*WHAT YOU SHOULD DO*.
Retype every record exactly. Leave the pictures out.

Crawled caption data:
= = = = = = =
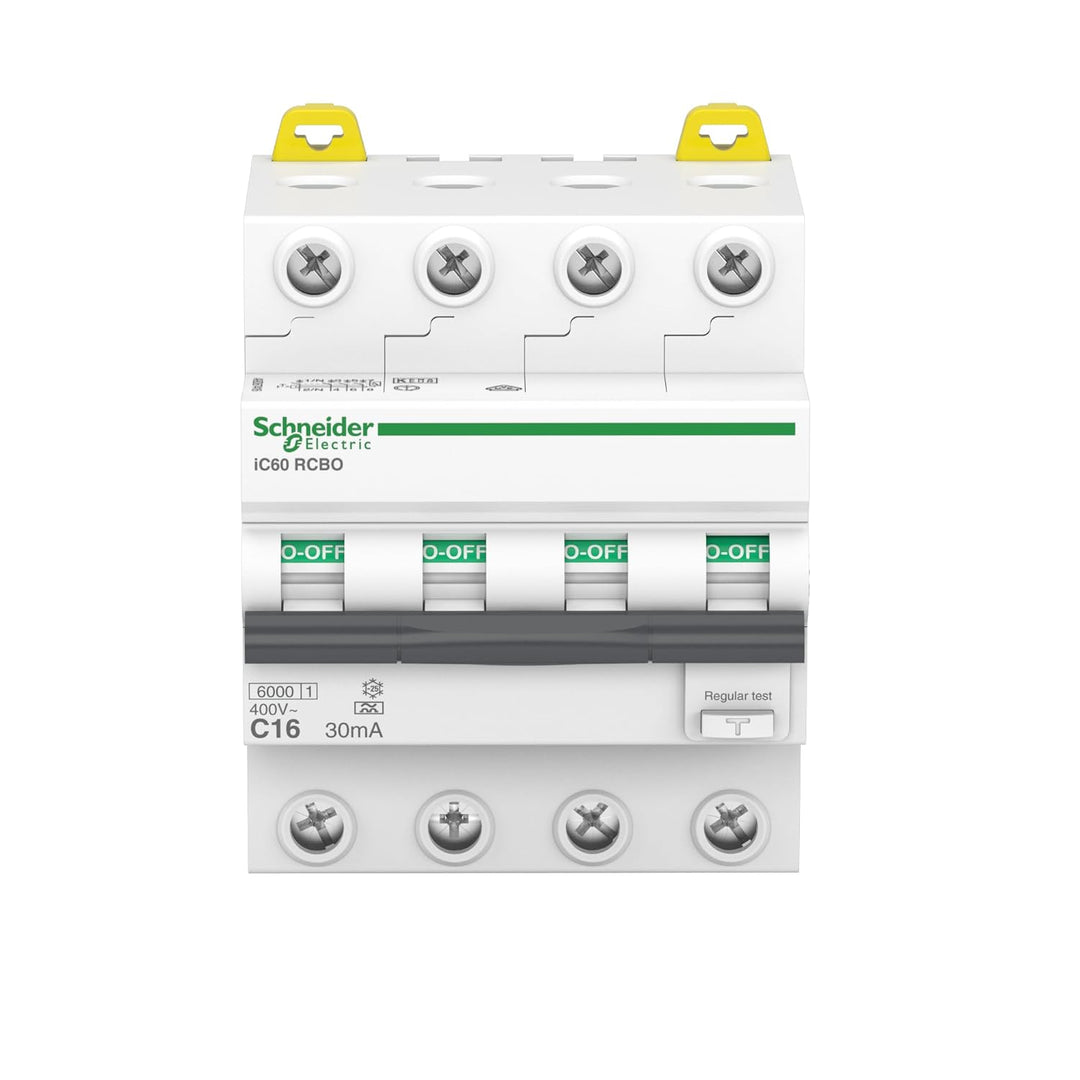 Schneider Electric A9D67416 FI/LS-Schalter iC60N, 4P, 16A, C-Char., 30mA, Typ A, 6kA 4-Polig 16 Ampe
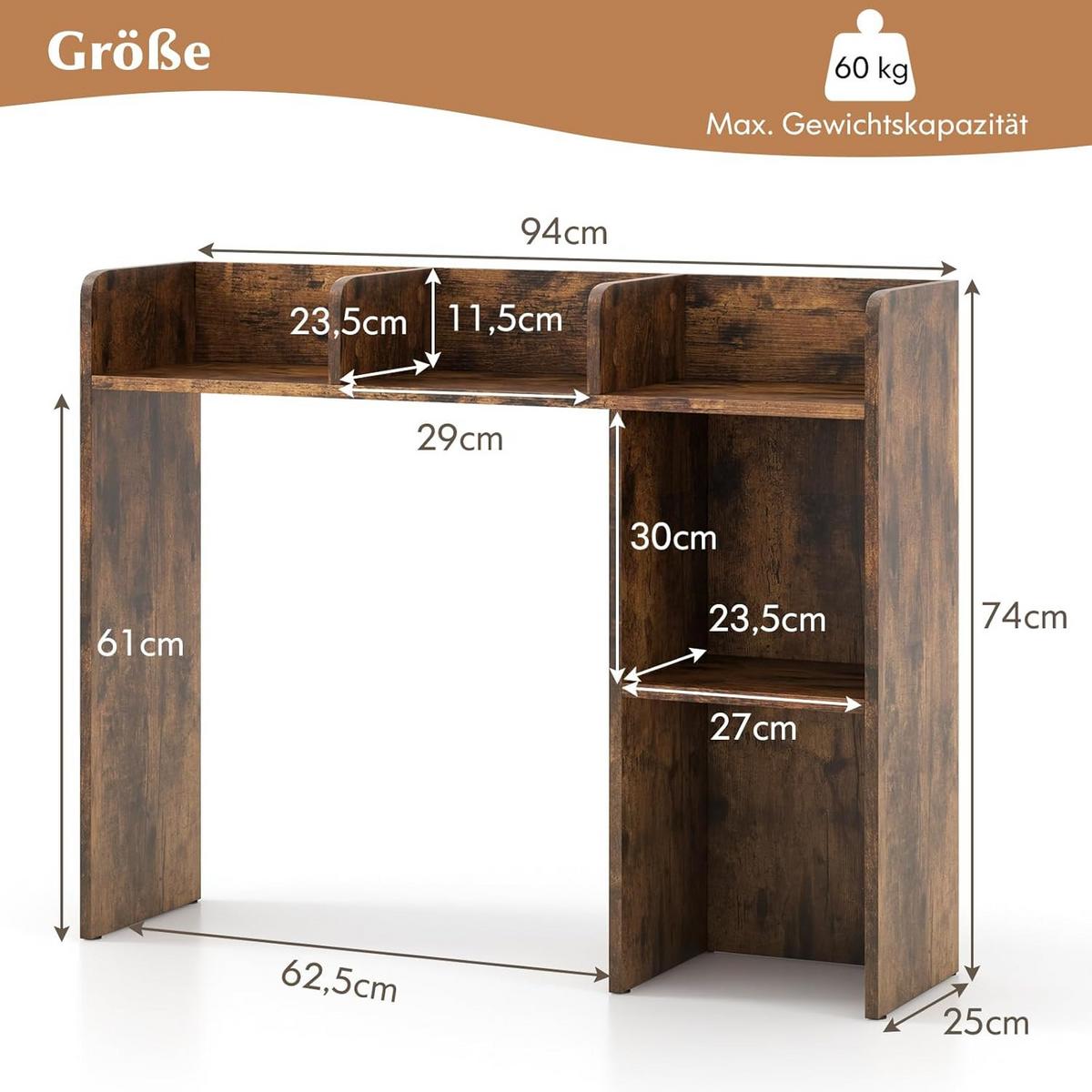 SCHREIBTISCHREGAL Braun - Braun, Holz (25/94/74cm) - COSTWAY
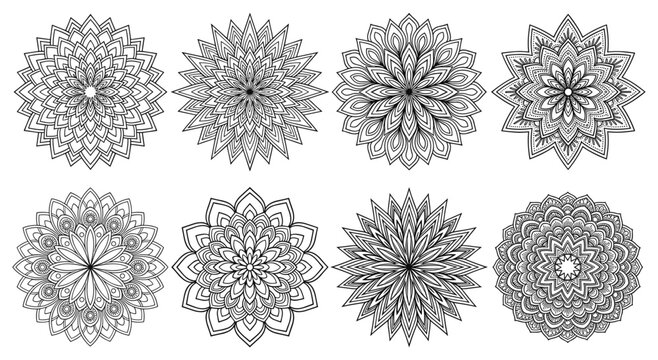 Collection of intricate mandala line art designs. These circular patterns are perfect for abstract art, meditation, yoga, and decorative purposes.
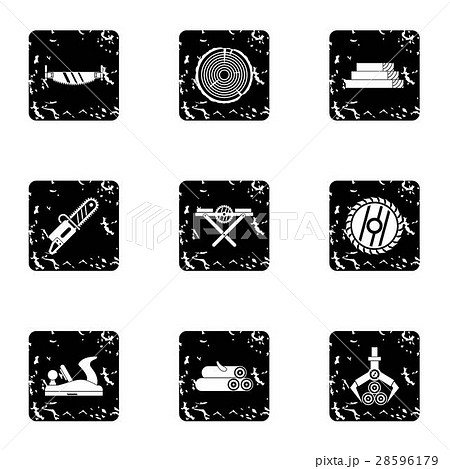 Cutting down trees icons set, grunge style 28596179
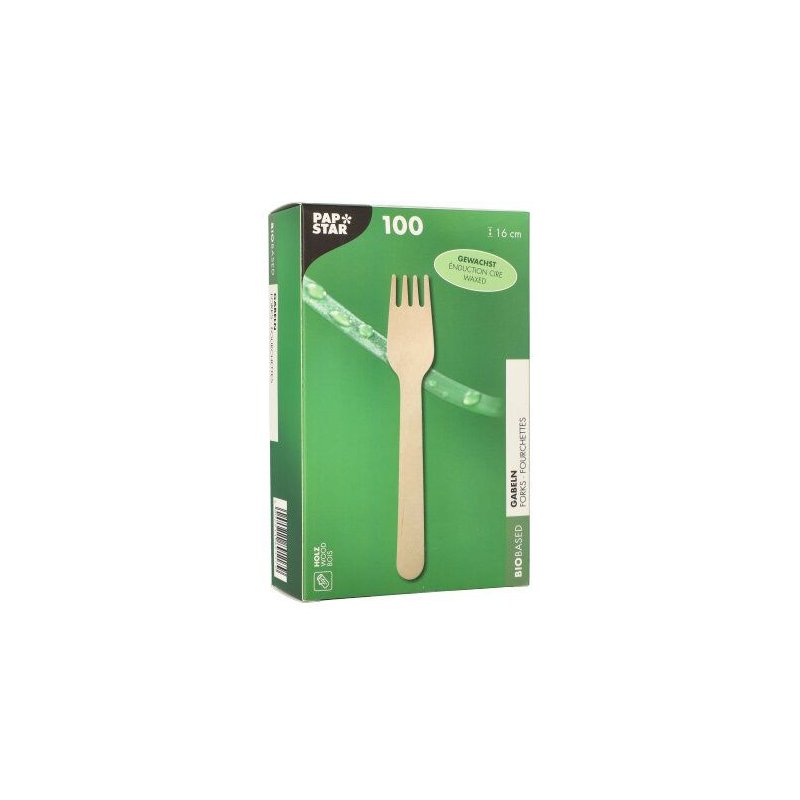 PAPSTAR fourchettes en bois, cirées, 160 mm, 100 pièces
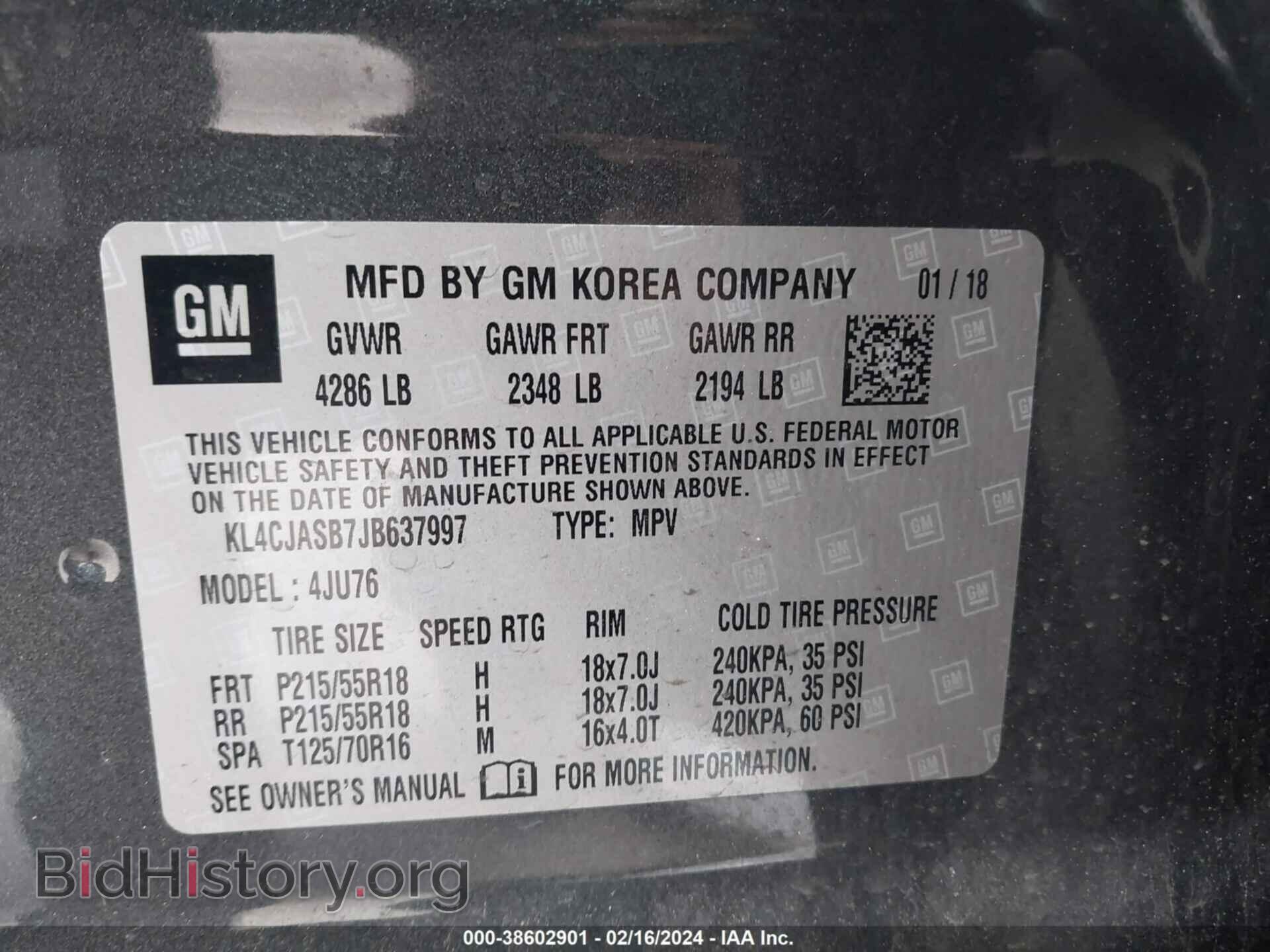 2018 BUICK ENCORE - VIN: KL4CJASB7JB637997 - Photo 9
= = = = = = =
*YOUR SOLUTION*.
 Schneider Electric A9D67416 FI/LS-Schalter iC60N, 4P, 16A, C-Char., 30mA, Typ A, 6kA 4-Polig 16 Ampe
 SCHREIBTISCHREGAL Braun - Braun, Holz (25/94/74cm) - COSTWAY
 Collection of intricate mandala line art designs. These circular patterns are perfect for abstract art, meditation, yoga, and decorative purposes.
 Cutting down trees icons set, grunge style 28596179
 PAPSTAR fourchettes en bois, cirées, 160 mm, 100 pièces
 2018 BUICK ENCORE - VIN: KL4CJASB7JB637997 - Photo 9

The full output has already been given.